Well, a $200 million athletic budget for starters, which is ~ 70% larger than Illinois' IIRC, helps. Then add in some very deep-pocketed donors (like Steve Ross and others.) Also a large, adjacent metropolitan area, filled with alums who are rabid Michigan sports fans and not diluted to the extent Chicago is by other followings. (In Detroit MSU plays serious second-fiddle to UM.) Also, more than a century of largely uninterrupted football excellence and national profile.
It's a brand that perhaps got itself started w/o help from the university admin but in the slipstream of which the university has drafted effortlessly for many decades. And it's not just football. It's everything, all the way down to women's field hockey. It also helps to have a longstanding, charismatic coach like Schembechler (or Paterno or Hayes) who becomes a power center unto himself and inextricably linked with the brand.
My favorite Woody Hayes quote, from the '60s when a local journalist asked how he would respond to criticism from faculty that the OSU football program overshadowed the academics of the university: "I disagree.
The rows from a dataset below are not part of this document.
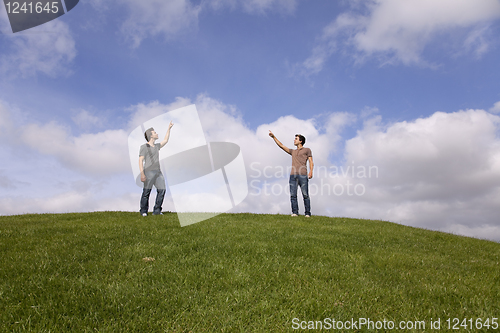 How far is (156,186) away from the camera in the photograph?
13531 mm

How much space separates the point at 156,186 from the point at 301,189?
708cm

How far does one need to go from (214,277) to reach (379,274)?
367 centimetres

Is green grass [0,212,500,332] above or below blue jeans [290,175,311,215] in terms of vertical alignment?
below

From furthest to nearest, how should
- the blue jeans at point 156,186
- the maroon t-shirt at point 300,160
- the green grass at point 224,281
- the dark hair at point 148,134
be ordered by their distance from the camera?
the maroon t-shirt at point 300,160
the dark hair at point 148,134
the blue jeans at point 156,186
the green grass at point 224,281

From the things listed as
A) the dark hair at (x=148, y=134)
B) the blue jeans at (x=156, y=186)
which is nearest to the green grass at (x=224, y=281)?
the blue jeans at (x=156, y=186)

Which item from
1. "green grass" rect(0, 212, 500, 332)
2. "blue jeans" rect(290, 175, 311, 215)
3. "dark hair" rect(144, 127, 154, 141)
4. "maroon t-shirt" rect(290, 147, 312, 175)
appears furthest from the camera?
"maroon t-shirt" rect(290, 147, 312, 175)

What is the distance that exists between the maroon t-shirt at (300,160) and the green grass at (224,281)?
5660 mm

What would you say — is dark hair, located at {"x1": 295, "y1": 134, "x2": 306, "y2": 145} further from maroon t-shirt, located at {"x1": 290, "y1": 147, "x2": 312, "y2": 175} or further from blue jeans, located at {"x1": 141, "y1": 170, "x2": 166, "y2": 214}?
blue jeans, located at {"x1": 141, "y1": 170, "x2": 166, "y2": 214}

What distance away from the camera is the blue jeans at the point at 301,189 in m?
14.0

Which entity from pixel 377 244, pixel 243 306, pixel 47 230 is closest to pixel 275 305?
pixel 243 306

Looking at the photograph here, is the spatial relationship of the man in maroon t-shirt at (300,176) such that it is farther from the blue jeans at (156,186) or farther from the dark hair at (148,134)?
the dark hair at (148,134)

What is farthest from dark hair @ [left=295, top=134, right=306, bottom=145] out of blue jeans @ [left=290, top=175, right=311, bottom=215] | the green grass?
the green grass

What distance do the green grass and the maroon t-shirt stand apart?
5660mm

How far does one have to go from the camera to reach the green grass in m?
4.48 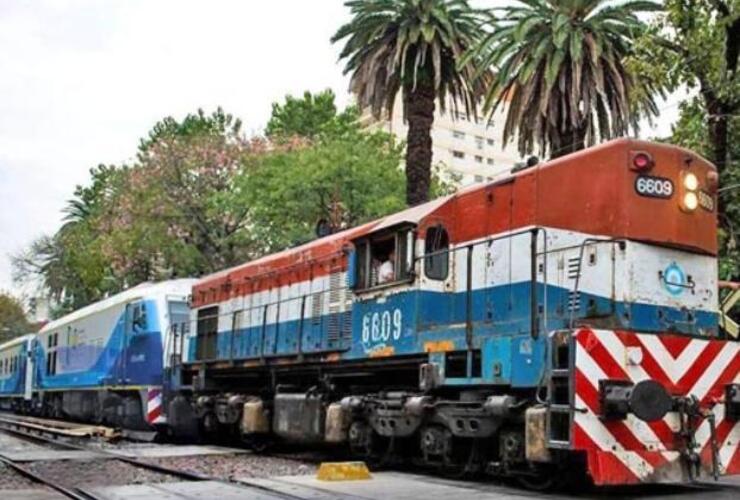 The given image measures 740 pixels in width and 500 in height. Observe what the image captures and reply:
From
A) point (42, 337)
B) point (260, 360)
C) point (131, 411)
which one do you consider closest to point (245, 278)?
point (260, 360)

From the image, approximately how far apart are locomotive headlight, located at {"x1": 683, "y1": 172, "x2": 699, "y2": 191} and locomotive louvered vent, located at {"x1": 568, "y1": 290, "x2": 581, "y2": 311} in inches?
66.4

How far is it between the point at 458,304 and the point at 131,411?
12.1m

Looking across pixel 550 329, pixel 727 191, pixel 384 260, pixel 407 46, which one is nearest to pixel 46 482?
pixel 384 260

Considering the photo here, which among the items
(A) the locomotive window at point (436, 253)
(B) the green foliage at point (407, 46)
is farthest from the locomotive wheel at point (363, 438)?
(B) the green foliage at point (407, 46)

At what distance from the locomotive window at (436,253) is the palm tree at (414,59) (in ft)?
42.7

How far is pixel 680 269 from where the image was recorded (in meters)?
9.85

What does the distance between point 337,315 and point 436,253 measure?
2668 mm

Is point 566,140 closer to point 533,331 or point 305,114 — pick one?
point 533,331

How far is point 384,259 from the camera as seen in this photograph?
40.4 ft

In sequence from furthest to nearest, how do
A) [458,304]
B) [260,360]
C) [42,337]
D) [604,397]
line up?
1. [42,337]
2. [260,360]
3. [458,304]
4. [604,397]

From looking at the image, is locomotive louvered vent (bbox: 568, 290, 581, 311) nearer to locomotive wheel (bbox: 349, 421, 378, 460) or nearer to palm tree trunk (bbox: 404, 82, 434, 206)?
locomotive wheel (bbox: 349, 421, 378, 460)

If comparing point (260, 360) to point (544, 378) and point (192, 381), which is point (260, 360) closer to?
point (192, 381)

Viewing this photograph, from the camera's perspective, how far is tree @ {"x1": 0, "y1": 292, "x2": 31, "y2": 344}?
82500 millimetres

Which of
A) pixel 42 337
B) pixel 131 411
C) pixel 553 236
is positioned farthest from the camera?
pixel 42 337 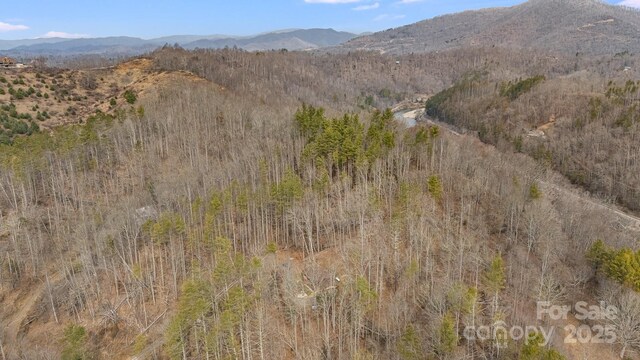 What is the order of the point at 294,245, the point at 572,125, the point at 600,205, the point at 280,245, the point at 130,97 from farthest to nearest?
the point at 572,125
the point at 130,97
the point at 600,205
the point at 280,245
the point at 294,245

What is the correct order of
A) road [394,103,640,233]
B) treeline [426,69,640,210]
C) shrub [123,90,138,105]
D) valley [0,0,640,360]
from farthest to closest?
1. shrub [123,90,138,105]
2. treeline [426,69,640,210]
3. road [394,103,640,233]
4. valley [0,0,640,360]

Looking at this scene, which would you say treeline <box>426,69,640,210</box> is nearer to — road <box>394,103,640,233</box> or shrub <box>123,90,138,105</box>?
road <box>394,103,640,233</box>

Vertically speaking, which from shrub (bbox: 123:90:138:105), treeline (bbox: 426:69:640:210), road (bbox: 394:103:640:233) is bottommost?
road (bbox: 394:103:640:233)

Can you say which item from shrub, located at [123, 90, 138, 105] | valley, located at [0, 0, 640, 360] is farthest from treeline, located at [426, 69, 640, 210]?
shrub, located at [123, 90, 138, 105]

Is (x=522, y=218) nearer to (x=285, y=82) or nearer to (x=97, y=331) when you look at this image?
(x=97, y=331)

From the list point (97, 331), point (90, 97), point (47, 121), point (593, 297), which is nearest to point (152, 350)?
point (97, 331)

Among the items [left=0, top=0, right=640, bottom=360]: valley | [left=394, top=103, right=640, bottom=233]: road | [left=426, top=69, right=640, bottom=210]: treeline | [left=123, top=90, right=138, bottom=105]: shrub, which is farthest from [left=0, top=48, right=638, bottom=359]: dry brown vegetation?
[left=426, top=69, right=640, bottom=210]: treeline

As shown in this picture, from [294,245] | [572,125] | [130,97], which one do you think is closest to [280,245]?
[294,245]

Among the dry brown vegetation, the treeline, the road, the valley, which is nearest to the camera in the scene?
the valley

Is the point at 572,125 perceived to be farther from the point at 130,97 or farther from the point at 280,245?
the point at 130,97

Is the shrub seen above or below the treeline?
above

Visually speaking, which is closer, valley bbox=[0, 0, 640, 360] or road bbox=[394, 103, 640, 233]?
valley bbox=[0, 0, 640, 360]
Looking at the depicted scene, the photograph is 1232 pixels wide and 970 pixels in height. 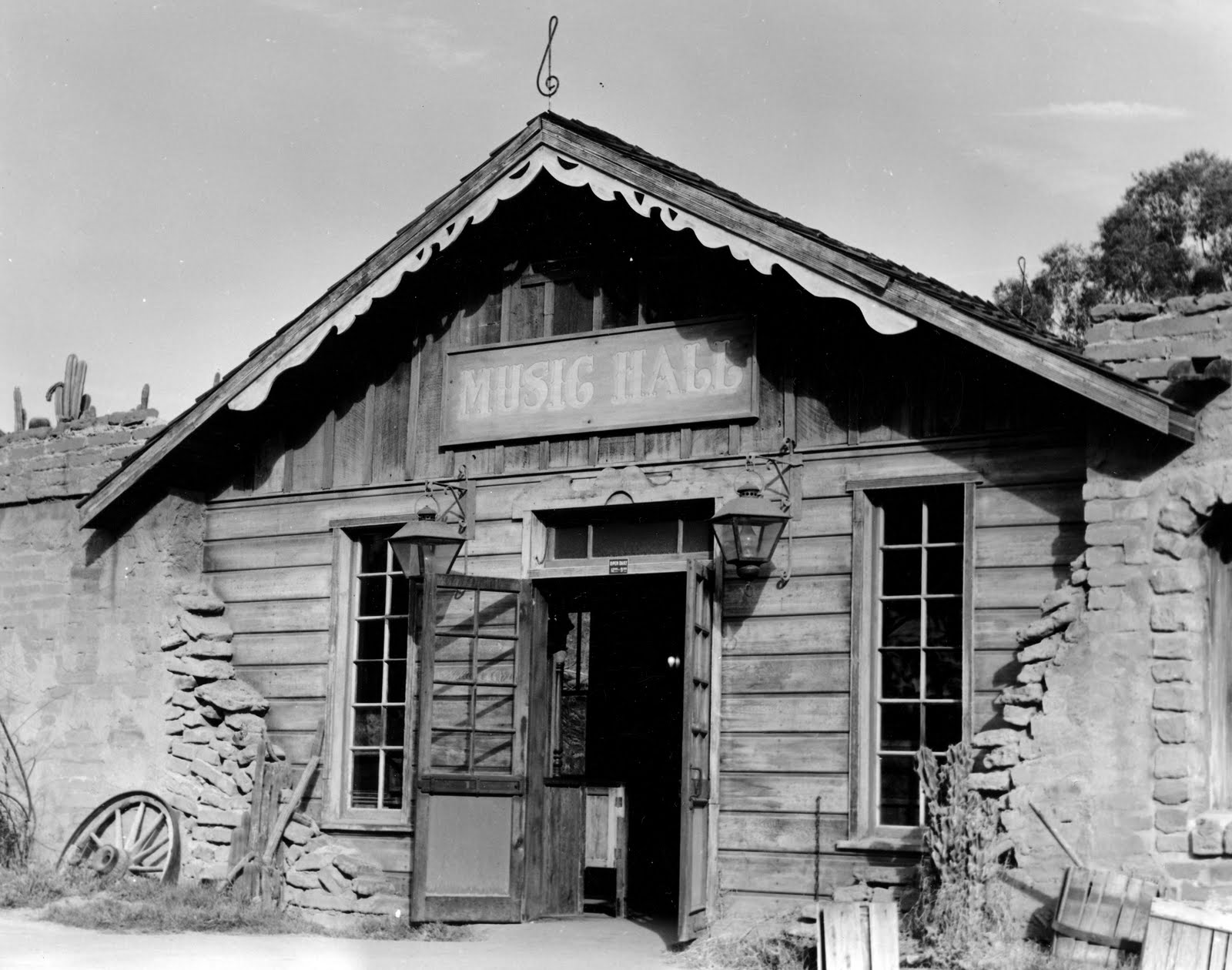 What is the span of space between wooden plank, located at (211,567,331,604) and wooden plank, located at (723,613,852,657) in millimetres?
3613

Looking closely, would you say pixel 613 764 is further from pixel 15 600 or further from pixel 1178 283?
pixel 1178 283

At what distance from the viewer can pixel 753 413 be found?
11336mm

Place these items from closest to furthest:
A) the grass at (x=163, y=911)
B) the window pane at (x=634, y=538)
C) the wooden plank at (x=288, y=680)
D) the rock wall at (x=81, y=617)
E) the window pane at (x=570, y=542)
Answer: the grass at (x=163, y=911) < the window pane at (x=634, y=538) < the window pane at (x=570, y=542) < the wooden plank at (x=288, y=680) < the rock wall at (x=81, y=617)

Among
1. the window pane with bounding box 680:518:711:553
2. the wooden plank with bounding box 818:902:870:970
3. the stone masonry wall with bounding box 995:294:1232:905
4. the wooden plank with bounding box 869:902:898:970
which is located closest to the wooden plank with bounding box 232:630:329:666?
the window pane with bounding box 680:518:711:553

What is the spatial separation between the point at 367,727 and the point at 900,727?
441 cm

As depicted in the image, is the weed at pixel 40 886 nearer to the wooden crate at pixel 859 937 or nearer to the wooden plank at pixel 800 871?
the wooden plank at pixel 800 871

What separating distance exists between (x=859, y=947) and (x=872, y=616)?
8.70ft

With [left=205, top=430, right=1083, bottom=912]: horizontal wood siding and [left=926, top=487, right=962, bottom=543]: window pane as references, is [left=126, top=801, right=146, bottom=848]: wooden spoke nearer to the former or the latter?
[left=205, top=430, right=1083, bottom=912]: horizontal wood siding

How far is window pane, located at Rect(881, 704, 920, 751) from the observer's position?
10.6 metres

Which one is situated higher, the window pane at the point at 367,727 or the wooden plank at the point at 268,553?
the wooden plank at the point at 268,553

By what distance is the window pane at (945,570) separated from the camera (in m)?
10.6

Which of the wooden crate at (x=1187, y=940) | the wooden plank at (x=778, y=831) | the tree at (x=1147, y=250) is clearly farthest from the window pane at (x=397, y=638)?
the tree at (x=1147, y=250)

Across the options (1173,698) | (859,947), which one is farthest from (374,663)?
(1173,698)

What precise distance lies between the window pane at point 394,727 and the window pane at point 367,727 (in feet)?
0.30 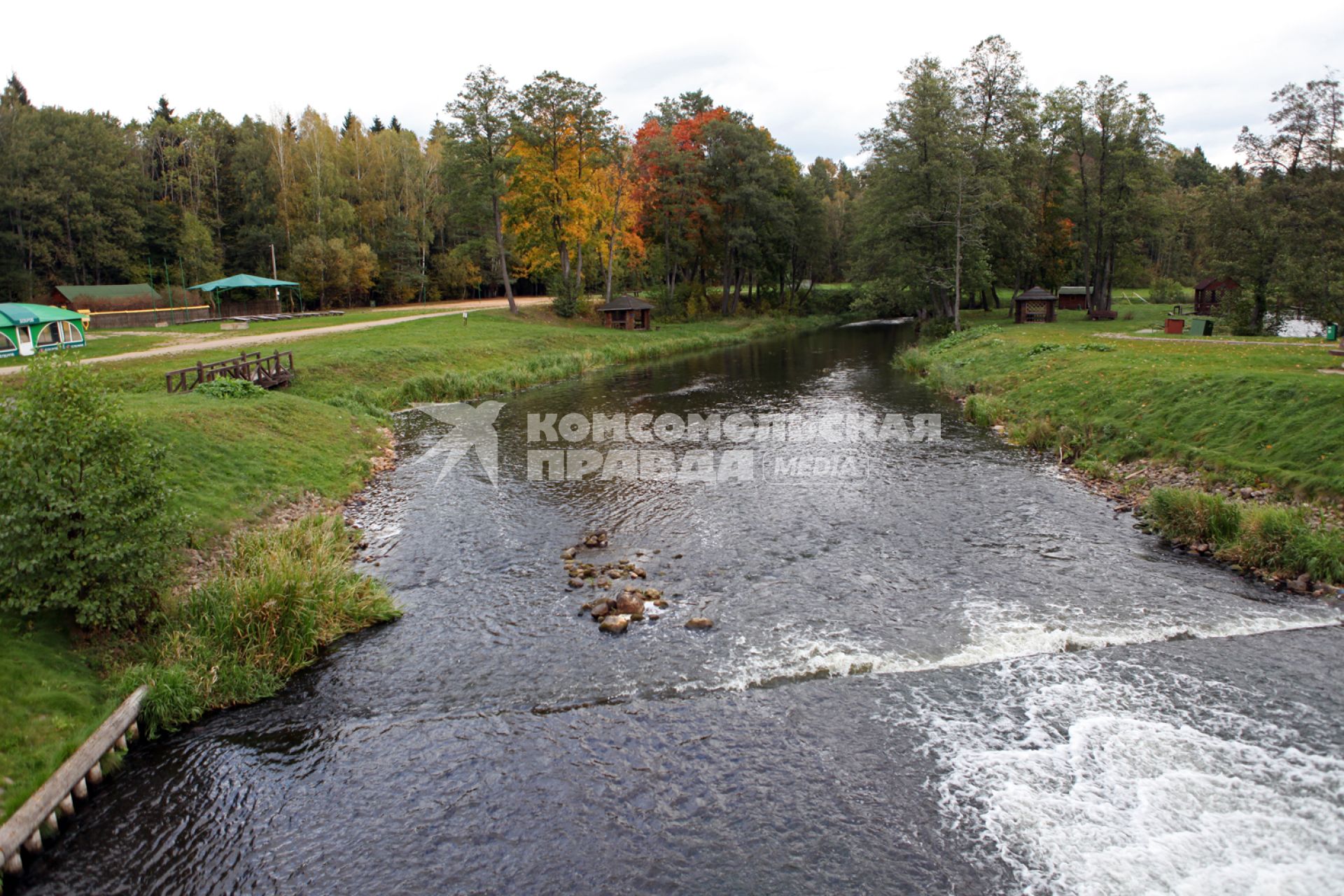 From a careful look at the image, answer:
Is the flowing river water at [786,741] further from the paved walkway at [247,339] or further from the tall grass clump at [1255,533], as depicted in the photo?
the paved walkway at [247,339]

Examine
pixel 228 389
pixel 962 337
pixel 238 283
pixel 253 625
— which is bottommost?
pixel 253 625

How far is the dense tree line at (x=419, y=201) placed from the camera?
56.7m

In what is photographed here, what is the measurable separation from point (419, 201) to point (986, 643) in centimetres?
7796

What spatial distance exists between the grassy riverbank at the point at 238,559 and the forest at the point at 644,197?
27.3 meters

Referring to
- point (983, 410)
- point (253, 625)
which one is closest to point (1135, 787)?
point (253, 625)

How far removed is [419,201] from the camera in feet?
257

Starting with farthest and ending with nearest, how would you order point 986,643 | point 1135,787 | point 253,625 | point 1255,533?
1. point 1255,533
2. point 986,643
3. point 253,625
4. point 1135,787

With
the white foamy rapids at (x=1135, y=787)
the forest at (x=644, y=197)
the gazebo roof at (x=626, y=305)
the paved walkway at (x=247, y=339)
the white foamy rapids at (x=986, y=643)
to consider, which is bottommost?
the white foamy rapids at (x=1135, y=787)

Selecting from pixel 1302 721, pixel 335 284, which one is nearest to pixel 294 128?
pixel 335 284

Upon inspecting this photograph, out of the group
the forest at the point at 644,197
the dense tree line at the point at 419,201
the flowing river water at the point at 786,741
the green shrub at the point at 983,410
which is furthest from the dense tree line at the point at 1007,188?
the flowing river water at the point at 786,741

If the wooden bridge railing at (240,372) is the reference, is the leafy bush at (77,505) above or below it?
below

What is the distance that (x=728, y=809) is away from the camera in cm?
918

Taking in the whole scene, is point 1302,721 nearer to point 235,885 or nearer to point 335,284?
point 235,885

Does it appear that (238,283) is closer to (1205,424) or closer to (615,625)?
(615,625) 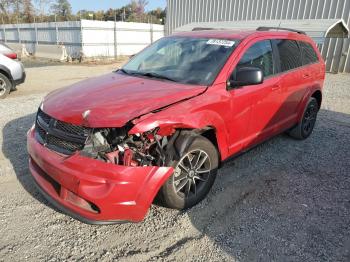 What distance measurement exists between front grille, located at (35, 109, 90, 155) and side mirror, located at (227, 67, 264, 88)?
169cm

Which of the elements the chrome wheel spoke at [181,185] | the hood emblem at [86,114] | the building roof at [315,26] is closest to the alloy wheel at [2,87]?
the hood emblem at [86,114]

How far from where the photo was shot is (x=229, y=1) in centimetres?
1786

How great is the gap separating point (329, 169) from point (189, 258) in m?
2.78

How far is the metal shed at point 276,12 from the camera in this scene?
580 inches

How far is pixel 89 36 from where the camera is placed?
64.0 feet

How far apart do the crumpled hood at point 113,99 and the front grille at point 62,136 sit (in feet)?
0.21

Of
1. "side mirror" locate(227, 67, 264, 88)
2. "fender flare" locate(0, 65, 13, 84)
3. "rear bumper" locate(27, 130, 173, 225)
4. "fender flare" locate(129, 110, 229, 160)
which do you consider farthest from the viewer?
"fender flare" locate(0, 65, 13, 84)

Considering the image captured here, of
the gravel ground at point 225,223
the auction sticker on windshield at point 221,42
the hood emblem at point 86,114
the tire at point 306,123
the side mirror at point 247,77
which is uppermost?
the auction sticker on windshield at point 221,42

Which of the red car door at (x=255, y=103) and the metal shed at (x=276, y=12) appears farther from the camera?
the metal shed at (x=276, y=12)

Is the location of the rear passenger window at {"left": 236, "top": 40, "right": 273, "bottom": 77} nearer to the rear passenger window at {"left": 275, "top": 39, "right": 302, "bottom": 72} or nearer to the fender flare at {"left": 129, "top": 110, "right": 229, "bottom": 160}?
the rear passenger window at {"left": 275, "top": 39, "right": 302, "bottom": 72}

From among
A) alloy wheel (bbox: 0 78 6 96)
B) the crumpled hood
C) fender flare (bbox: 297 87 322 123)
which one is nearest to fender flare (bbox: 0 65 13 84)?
alloy wheel (bbox: 0 78 6 96)

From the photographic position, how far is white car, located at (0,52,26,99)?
834 centimetres

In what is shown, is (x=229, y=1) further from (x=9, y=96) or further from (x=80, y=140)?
(x=80, y=140)

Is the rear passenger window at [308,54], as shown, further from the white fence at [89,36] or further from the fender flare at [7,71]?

Ohio State is a university of which the football team can be justifiably proud."
Said the Professor of Military History (he actually taught that course every winter until he was fired in '79.) Finger, meet eyes.
But these are rare situations in which a tremendous brand is created and sustained over many decades. And OSU still struggles with a reputation of having mediocre academics. I'm sympathetic to FLIllini's argument. But I think it comes down to who's sitting in the President/Chancellor's chair and what issues and crises command their attention, rather than benign neglect. When you're struggling to fill holes caused by dwindling state funding, as our Presidents/Chancellors have been doing for a long time, you tend to want an athletics department that doesn't create more fires to fight. When you're sailing comfortably on calm seas with a following wind you have the luxury of focusing more broadly. When I was a student, Stan Ikenberry (as President) and Thomas Everhart/Morton Weir (UIUC Chancellors) were outstanding leaders. I've not been too impressed with many of their successors. Nancy Cantor, for one, was a train wreck.
As for Michigan, I recall that Lee Bollinger (now president of Columbia Univ) wrote an entire book about the importance of athletics to the U of M brand. I read it ~ 20 years ago. And Mary Sue Coleman, his successor, stated flatly that the football program was a tremendously important asset to the university. And indeed it is.